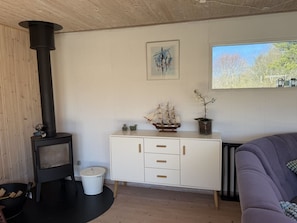 Ein gemütlicher Raum mit Kaminofen, einem weißen Schrank mit Schubladen, einem Schiffsmodell und einem Fenster mit Blick auf Bäume.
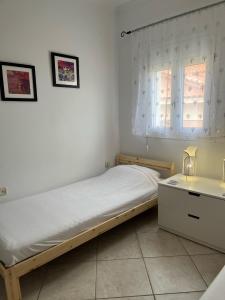 Postel nebo postele na pokoji v ubytování Dina Apartment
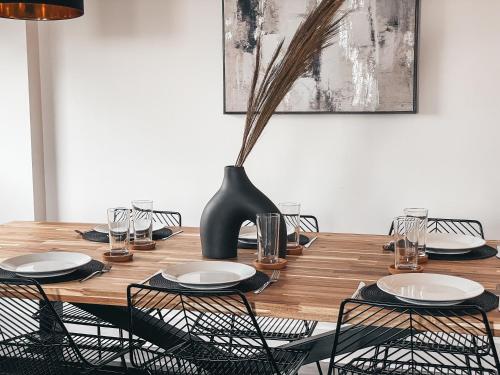 a wooden table with chairs and a vase on it at The Aspect, by Solace Stays in Cardiff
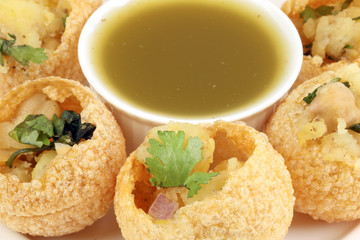 Tadeonal subcontinental street snack food chickpeas potato pani puri fuska with tamarind sauce © oqba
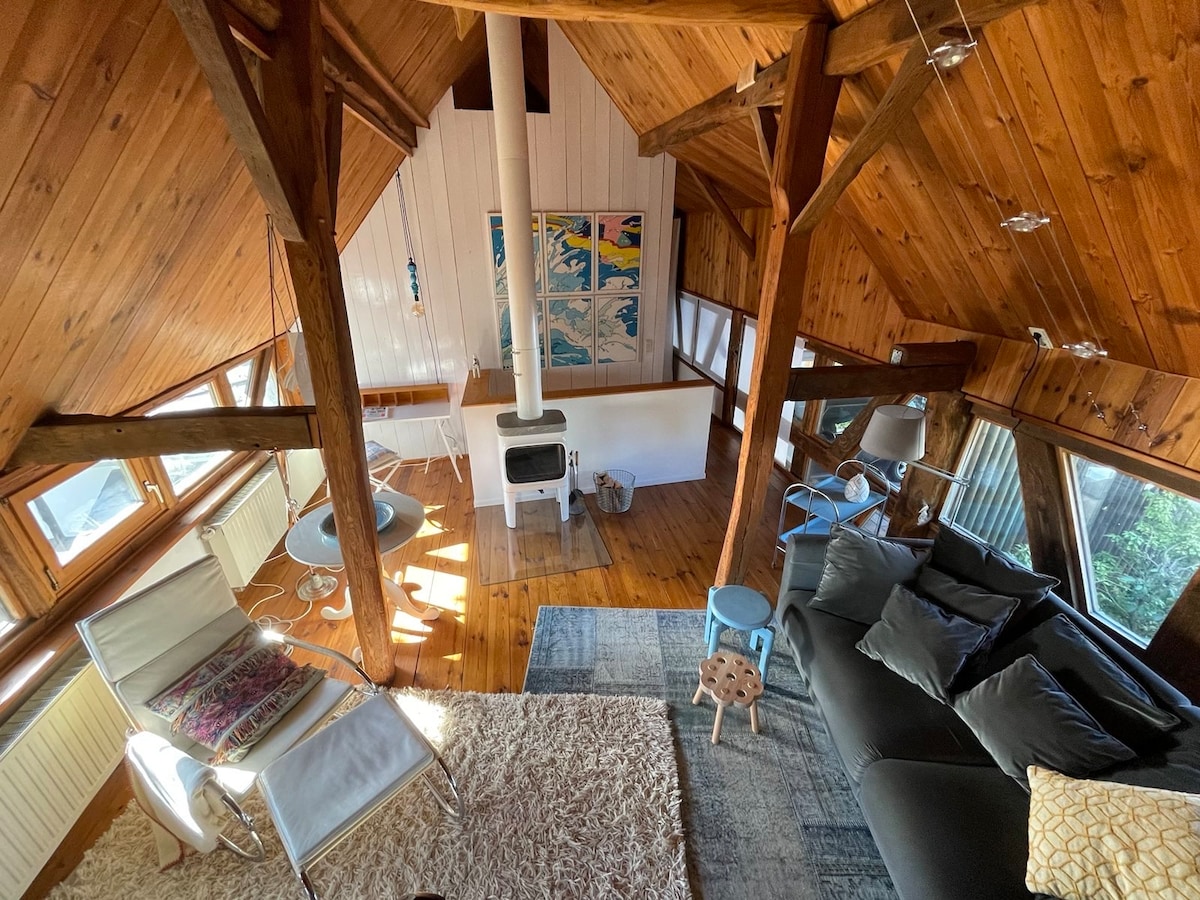 The open living area features exposed wooden beams and large windows, allowing natural light to fill the space. A cozy seating arrangement includes a dark sofa and accent chair. A small table and wood stove are included, enhancing the room’s charm with a warm ambiance.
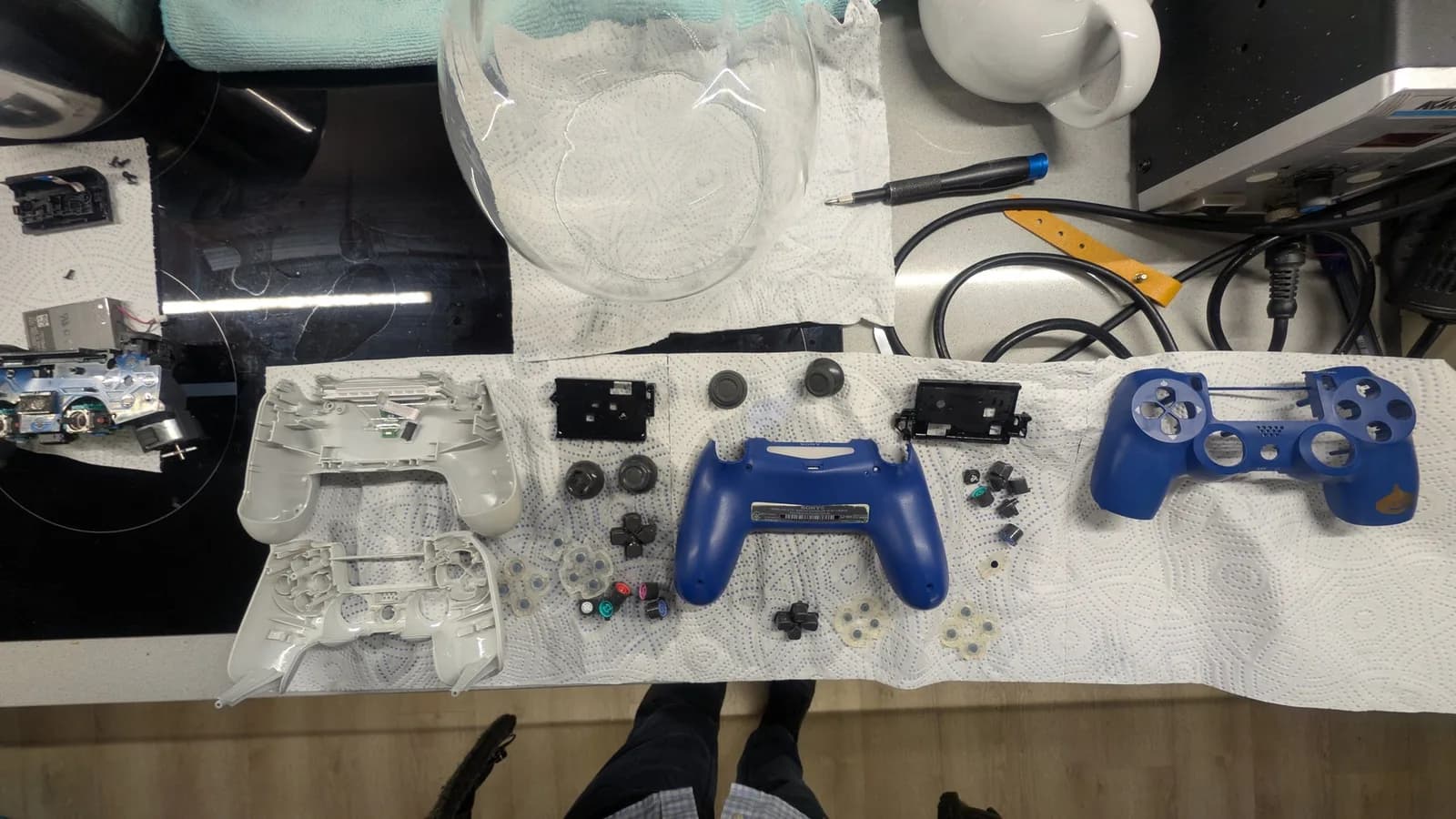 Both disassembled PS4 controllers laid out on white paper towel to dry after their ultrasonic-cleaner bath: white shell halves, blue shell halves (the blue front faceplate shows a small gold slime), loose buttons, membranes, thumbstick caps and black battery holders, with a controller board and rumble motor at far left. Tools, a glass bowl and a mug around the edges.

-*-

• _YOUR ASSIGNMENT_
Return the full listing above verbatim, please, but without its images.

• _RESPONSE TO THE TASK_
 Ein gemütlicher Raum mit Kaminofen, einem weißen Schrank mit Schubladen, einem Schiffsmodell und einem Fenster mit Blick auf Bäume.
 Postel nebo postele na pokoji v ubytování Dina Apartment
 a wooden table with chairs and a vase on it at The Aspect, by Solace Stays in Cardiff
 Tadeonal subcontinental street snack food chickpeas potato pani puri fuska with tamarind sauce © oqba
 The open living area features exposed wooden beams and large windows, allowing natural light to fill the space. A cozy seating arrangement includes a dark sofa and accent chair. A small table and wood stove are included, enhancing the room’s charm with a warm ambiance.
 Both disassembled PS4 controllers laid out on white paper towel to dry after their ultrasonic-cleaner bath: white shell halves, blue shell halves (the blue front faceplate shows a small gold slime), loose buttons, membranes, thumbstick caps and black battery holders, with a controller board and rumble motor at far left. Tools, a glass bowl and a mug around the edges.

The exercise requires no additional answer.